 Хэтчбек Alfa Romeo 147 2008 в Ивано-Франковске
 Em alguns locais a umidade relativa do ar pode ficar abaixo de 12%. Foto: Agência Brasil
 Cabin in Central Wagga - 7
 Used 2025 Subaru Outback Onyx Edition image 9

==

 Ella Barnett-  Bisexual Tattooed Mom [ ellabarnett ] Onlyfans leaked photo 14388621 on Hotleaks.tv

• **What you will do**
Within the material above, transcribe exactly the lines that run from the line holding "Хэтчбек Alfa Romeo" through the line holding "Used 2025 Subaru".

• **Solution**
 Хэтчбек Alfa Romeo 147 2008 в Ивано-Франковске
 Em alguns locais a umidade relativa do ar pode ficar abaixo de 12%. Foto: Agência Brasil
 Cabin in Central Wagga - 7
 Used 2025 Subaru Outback Onyx Edition image 9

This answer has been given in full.